Will I be uninsurable?? Im looking for answers from you guys who've been in the game for a while and know whats what.


----------



## see_no_evo (Sep 10, 2007)

you must have a good job. it will be a lot i recokn, thats if they insure you, let us no tho

ur dad cant use the ncd if he is insured on another car.


----------



## davewelch00 (Sep 25, 2008)

see_no_evo said:


> ur dad cant use the ncd if he is insured on another car.



Yeah, we've spoken abouth that already, thats not going to be the problem at the end of the day. Like I said, Its gunna be the premium. 

Im unaware of any insurance companies/brokers who do actually reward you for time you have driven, I have nearly 3 years of on the road experince but as I mentioned, had not completed a full period of cover with any of the policies I had, which is my bad


----------



## G40tee (Feb 25, 2008)

good luck is all i can say.
i am 21 with 3 years no claims, on a r33 gtr only 3 companies would quote me, greenlight, bell and keith micheals.
i have a fully clean license with me as the main driver and my parents on the policy as well.
best quote was 1600f/c which i am going to take. it is an awesome price considering what i was expecting. but any convictions on your license will make a HUGE difference.

Out of interest and to get a better idea whether im preparing to eat my own words what is a DR10?


----------



## Mookistar (Feb 5, 2004)

insuring it in your dads name and having you as a named driver is technically fraud if he's not going to be the main driver. 

insurance companies are wise to this trick

mook


----------



## davewelch00 (Sep 25, 2008)

Looks like im gunna have to wait a few years then guys, makes more sense in the long run I spose.


----------



## SPEED MERCHANT (Jun 5, 2006)

G40tee - A DR10 is driving or attempting to drive with alcohol above the limit & stays on the licence for eleven years from the date of conviction.


----------



## G40tee (Feb 25, 2008)

SPEEDMERCHANT - thanks for that. Unfortunately i know some people who have that conviction just never knew the code! did not know it stays there for 11 years! ouch!

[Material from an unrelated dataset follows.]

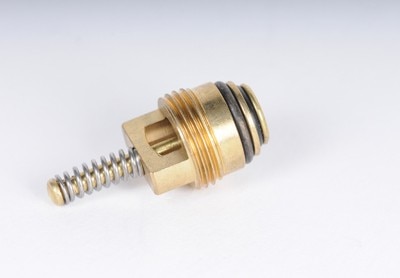GM Genuine Parts Air Conditioning Refrigerant High Pressure Service Valve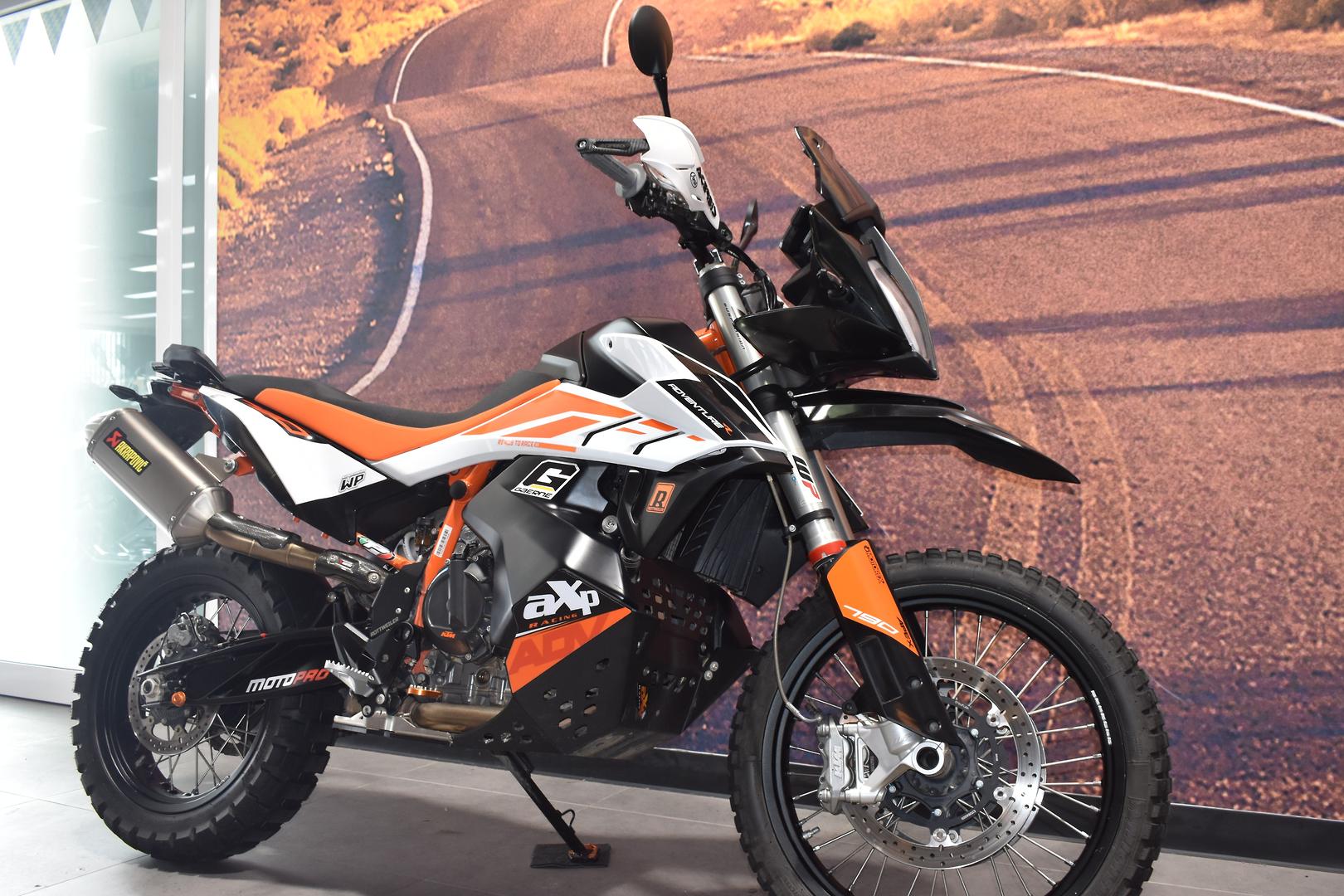 2022 KTM 790 ADVENTURE DUAL SPORTS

Davewelch00 there is no harm in trying for insurance but it is just very unlikely


----------



## davewelch00 (Sep 25, 2008)

Thought it was 10 years actually well ive knocked 15 months off already, 8 years or so more left. Think ill be sticking to a nice little 1.1 for a while ey.


----------



## SPEED MERCHANT (Jun 5, 2006)

Endorsements stay on a licence for:

• 11 years from the date of conviction for the
following offences:

* Drink/drugs and driving,
* Causing death by careless driving whilst under the influence of drink/drugs, &
* Causing death by careless driving then failing/refusing to provide a specimen for analysis.

• 4 years from the date of conviction for reckless/dangerous driving and offences resulting
in disqualification.

• 4 years from the date of offence in all other cases.


Sorry ...


----------



## LiamGTR (Nov 26, 2006)

Even without a conviction, 21 + a R34 GTR is a long shot.


----------



## jamesbilluk (Aug 10, 2006)

Hi mate 
You have a PM


----------



## MacGTR (Dec 31, 2006)

L14M0 said:


> Even without a conviction, 21 + a R34 GTR is a long shot.


We better start saving then...:chuckle:


----------



## davewelch00 (Sep 25, 2008)

way ahead of you there James


----------



## nismo22 (Jan 25, 2006)

I bought my 34 GTR at 21, only way i got insured was to get trade insurance with my dad an brother on the policy...


----------



## G40tee (Feb 25, 2008)

if only i could have trade cover!
thinking about buying and selling some cars just to do that! lol


----------



## nismo22 (Jan 25, 2006)

I'm not a trader, but you can still get trade cover, you dont have to prove your a trader...


----------



## G40tee (Feb 25, 2008)

wait until a claim where they can ask you for proof of sales over the last year etc.
so you have nothing to do with car sales?
surely that is insurance fraud? obtaining insurance under false pretenses?


----------



## nismo22 (Jan 25, 2006)

Nope made a claim last year was all fine... Insurance fraud??? lol, I'm not in car sales.. Anyway i was just showing the chap how i got insured... For other info ring TRADEX insurance sure they can answer your questions...


----------



## G40tee (Feb 25, 2008)

I think ill give them a call and see what they can do!lol
I only said that as we were going to get covered under my mates work and they needed proof of working under the trade etc.
Out of interest what business are you in?
Can pm me if you want?
Sorry to thread hijack!

Chris


----------



## rapluvalways (Jun 18, 2008)

34 GTR at 21. Someones got some money lol. id be impressed with a 32 at 21 let alone a 33. 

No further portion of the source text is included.